WHAT IS REQUIRED: Below is a listing. Quote from it, exactly, the lines from the one containing "In the mouth, we're" down to the one containing "This drop shot", both ends included, and nothing else.

DATA FOR THIS TASK:
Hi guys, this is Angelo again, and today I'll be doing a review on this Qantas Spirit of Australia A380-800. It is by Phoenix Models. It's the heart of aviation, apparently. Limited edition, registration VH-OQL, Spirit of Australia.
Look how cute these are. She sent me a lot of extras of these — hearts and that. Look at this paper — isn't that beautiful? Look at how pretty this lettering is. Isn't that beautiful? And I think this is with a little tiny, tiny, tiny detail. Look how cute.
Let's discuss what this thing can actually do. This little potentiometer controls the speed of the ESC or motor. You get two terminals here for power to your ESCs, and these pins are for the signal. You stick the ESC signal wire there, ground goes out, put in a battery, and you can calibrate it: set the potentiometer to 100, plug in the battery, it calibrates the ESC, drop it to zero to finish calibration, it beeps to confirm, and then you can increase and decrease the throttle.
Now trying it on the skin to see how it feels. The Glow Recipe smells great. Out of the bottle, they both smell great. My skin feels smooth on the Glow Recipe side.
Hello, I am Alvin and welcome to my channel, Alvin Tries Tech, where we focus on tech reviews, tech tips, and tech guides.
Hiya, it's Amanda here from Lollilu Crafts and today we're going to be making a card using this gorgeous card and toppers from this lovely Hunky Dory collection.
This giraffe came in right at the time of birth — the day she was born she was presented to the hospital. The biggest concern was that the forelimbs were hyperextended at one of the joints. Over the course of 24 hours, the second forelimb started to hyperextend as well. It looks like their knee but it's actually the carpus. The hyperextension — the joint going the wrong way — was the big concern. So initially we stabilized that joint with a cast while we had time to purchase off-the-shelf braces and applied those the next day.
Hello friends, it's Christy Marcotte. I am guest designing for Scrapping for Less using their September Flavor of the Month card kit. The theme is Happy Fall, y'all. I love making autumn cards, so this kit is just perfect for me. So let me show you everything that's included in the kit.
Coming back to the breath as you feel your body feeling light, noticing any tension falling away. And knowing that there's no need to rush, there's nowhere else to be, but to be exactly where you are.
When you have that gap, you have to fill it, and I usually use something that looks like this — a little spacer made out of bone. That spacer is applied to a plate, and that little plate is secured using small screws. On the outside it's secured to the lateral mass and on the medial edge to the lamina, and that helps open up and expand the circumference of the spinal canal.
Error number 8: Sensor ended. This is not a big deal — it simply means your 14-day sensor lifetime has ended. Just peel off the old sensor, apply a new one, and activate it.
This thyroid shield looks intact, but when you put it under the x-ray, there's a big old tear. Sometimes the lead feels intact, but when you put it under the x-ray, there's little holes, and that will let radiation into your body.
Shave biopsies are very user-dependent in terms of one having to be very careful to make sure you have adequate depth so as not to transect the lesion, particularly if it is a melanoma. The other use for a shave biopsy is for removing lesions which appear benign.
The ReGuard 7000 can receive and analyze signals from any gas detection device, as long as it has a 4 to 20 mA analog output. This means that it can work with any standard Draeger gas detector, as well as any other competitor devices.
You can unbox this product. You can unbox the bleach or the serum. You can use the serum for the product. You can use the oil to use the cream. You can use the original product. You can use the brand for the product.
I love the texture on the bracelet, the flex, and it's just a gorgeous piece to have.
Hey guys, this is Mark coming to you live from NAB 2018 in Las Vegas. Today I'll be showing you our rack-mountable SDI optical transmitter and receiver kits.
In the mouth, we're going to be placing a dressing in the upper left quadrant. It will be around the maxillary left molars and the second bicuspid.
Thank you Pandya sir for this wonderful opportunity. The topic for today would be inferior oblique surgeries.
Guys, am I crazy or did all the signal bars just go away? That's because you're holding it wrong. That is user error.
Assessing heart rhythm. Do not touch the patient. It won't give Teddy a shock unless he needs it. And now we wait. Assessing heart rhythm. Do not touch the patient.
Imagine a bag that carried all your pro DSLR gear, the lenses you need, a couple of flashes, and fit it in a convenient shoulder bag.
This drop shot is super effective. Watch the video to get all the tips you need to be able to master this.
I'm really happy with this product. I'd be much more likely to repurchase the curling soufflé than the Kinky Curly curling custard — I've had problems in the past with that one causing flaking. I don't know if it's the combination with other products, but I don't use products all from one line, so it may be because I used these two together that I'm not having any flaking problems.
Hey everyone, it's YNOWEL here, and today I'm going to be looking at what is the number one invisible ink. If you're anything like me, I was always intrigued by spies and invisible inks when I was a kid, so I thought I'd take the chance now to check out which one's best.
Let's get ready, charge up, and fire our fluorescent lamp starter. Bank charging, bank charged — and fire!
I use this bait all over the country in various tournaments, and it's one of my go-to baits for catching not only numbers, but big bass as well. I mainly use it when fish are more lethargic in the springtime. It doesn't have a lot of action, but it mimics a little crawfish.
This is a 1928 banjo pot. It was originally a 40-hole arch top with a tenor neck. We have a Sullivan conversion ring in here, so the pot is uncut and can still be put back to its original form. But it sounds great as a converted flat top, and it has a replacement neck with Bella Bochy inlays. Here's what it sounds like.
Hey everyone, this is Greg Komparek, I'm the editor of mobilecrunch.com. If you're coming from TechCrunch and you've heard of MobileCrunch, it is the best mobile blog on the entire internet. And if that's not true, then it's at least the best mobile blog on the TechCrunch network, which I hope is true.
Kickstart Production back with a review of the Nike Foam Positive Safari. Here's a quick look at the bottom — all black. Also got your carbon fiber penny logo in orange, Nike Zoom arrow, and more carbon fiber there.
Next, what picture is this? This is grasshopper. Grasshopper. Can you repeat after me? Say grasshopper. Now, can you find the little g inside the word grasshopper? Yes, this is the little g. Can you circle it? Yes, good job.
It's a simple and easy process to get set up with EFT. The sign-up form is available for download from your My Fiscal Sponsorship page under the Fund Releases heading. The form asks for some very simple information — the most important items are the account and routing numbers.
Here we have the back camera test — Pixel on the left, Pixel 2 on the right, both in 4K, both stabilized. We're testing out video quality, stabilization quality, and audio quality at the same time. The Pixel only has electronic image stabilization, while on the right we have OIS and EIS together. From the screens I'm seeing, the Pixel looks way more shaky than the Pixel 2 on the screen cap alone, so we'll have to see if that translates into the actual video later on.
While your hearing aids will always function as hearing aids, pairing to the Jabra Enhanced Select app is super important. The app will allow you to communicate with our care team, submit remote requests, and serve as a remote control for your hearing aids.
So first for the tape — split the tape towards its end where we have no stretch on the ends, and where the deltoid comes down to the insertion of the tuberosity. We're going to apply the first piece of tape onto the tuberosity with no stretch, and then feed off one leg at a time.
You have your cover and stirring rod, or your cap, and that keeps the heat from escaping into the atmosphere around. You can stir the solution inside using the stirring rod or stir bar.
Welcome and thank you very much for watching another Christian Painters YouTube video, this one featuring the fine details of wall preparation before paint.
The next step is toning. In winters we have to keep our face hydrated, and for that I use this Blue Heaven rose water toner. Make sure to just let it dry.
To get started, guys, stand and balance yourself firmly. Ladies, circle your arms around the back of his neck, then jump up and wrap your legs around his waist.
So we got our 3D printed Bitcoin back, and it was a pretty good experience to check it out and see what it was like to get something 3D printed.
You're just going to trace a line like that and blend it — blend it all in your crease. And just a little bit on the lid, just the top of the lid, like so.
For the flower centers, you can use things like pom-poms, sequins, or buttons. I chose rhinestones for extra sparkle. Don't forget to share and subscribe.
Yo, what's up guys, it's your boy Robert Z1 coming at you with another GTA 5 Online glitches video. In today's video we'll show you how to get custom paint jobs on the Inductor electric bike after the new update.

ANSWER SECTION:
In the mouth, we're going to be placing a dressing in the upper left quadrant. It will be around the maxillary left molars and the second bicuspid.
Thank you Pandya sir for this wonderful opportunity. The topic for today would be inferior oblique surgeries.
Guys, am I crazy or did all the signal bars just go away? That's because you're holding it wrong. That is user error.
Assessing heart rhythm. Do not touch the patient. It won't give Teddy a shock unless he needs it. And now we wait. Assessing heart rhythm. Do not touch the patient.
Imagine a bag that carried all your pro DSLR gear, the lenses you need, a couple of flashes, and fit it in a convenient shoulder bag.
This drop shot is super effective. Watch the video to get all the tips you need to be able to master this.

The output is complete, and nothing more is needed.